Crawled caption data
——————
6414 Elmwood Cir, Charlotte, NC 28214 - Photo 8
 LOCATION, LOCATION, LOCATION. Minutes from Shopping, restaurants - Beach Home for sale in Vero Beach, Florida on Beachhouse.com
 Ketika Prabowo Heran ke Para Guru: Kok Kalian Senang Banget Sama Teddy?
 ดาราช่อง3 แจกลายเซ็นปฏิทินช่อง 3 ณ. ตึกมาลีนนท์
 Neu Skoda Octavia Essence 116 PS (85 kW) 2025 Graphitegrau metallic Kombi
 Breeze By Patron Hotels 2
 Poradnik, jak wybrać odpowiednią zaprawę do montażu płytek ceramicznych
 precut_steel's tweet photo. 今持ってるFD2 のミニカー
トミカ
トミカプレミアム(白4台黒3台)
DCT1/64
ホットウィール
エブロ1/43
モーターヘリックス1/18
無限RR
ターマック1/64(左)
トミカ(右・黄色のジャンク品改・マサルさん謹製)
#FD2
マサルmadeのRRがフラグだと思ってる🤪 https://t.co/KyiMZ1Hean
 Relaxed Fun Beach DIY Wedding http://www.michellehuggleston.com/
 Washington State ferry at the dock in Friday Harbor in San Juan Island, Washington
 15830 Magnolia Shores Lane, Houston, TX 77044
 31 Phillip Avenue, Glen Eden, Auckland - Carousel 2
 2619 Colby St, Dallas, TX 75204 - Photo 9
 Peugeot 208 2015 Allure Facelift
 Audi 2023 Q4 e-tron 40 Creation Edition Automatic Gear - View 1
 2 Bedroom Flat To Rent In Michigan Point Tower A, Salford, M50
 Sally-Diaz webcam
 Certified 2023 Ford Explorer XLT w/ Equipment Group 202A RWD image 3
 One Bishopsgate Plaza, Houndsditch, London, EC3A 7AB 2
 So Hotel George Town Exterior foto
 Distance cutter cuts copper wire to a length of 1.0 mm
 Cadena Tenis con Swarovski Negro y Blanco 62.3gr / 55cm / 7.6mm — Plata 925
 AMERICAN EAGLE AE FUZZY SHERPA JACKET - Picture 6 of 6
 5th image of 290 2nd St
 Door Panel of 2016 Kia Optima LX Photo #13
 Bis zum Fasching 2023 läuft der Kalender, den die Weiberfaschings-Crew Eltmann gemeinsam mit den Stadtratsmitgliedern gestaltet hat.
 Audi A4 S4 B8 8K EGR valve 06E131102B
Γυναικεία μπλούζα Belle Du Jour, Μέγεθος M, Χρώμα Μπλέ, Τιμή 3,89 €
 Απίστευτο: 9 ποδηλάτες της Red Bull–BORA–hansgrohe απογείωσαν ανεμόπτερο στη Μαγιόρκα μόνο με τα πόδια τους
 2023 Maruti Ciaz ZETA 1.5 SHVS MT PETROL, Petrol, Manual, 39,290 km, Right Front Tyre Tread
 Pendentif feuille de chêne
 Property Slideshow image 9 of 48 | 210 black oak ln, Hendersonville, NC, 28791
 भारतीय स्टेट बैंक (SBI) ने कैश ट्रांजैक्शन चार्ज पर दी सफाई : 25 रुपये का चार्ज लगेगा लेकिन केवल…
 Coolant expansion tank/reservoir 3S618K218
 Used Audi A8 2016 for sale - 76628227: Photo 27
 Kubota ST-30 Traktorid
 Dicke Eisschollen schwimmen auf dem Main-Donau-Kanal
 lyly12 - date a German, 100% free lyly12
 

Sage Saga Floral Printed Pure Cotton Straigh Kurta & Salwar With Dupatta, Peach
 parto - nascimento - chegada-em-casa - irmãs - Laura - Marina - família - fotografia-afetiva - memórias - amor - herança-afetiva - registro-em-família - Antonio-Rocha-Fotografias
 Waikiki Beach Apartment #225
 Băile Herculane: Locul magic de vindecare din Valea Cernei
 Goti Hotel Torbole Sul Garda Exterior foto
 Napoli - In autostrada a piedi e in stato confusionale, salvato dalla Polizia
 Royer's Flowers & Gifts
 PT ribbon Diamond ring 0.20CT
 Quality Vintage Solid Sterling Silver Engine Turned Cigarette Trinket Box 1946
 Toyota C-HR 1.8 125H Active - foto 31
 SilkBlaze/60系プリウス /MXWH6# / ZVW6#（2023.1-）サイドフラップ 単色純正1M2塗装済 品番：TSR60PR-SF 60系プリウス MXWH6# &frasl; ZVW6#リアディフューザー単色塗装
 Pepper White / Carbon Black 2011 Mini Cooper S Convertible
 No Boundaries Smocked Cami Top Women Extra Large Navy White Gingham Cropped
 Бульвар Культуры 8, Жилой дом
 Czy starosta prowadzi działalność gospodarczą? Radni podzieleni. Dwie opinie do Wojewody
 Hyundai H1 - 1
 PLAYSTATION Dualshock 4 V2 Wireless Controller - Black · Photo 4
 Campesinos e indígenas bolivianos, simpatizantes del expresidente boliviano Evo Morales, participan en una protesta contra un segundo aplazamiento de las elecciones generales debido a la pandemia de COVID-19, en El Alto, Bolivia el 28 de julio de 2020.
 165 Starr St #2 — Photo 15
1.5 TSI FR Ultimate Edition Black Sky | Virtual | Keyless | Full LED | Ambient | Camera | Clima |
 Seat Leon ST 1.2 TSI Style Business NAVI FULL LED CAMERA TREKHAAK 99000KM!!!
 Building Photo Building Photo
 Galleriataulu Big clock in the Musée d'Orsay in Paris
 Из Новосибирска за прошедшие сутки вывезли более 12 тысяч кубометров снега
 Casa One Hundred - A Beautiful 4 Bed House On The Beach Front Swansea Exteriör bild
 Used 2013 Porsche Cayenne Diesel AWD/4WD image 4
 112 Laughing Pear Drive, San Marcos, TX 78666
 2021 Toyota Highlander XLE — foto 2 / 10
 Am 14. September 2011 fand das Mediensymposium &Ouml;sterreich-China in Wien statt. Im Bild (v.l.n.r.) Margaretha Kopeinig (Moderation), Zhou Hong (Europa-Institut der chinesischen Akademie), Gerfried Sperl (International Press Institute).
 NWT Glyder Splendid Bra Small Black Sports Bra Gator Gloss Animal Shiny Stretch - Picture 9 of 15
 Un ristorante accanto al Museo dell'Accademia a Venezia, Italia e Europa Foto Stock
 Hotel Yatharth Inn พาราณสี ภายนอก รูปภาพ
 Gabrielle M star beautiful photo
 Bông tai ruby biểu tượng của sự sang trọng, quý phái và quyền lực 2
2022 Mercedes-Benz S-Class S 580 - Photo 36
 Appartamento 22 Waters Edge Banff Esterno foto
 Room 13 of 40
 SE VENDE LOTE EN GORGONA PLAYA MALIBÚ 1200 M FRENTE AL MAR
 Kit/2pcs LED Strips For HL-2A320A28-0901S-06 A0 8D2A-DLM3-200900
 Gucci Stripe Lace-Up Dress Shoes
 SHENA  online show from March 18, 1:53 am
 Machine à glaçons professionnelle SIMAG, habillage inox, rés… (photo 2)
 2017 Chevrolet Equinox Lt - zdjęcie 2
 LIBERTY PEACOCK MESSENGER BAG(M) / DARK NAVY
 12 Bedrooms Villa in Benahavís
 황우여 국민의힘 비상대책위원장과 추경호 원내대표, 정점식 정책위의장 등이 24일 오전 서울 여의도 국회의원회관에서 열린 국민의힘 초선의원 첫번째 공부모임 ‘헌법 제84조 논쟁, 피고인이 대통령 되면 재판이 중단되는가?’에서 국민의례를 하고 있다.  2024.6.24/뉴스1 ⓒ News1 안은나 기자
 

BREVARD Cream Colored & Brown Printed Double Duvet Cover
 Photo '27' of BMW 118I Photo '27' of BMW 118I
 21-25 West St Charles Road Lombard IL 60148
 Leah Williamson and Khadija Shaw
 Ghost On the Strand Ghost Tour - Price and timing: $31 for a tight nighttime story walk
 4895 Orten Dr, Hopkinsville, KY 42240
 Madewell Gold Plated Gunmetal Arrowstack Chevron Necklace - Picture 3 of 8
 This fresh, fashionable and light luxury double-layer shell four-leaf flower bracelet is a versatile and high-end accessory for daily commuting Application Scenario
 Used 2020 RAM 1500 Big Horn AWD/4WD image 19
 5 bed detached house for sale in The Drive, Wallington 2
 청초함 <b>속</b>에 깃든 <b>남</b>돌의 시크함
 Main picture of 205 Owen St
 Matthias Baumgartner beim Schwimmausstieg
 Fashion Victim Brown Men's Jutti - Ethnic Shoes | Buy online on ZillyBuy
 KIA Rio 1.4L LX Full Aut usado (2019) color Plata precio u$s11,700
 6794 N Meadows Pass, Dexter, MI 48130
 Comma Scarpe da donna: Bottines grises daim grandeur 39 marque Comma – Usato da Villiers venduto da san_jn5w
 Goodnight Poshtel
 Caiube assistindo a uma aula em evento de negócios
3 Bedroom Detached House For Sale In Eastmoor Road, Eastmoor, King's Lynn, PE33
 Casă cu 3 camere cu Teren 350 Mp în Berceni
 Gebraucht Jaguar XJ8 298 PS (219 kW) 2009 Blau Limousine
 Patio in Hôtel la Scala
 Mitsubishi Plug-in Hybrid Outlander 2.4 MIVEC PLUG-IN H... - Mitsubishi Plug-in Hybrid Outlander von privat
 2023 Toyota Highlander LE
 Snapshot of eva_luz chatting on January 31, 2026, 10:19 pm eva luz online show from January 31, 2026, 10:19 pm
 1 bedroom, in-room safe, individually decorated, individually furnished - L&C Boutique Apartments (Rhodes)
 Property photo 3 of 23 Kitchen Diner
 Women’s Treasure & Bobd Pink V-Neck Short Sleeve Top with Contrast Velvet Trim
——————
- _What you will do_
Check each line above for the string "Toyota", then copy the ones that have it.

- _Your response_
 Toyota C-HR 1.8 125H Active - foto 31
 2021 Toyota Highlander XLE — foto 2 / 10
 2023 Toyota Highlander LE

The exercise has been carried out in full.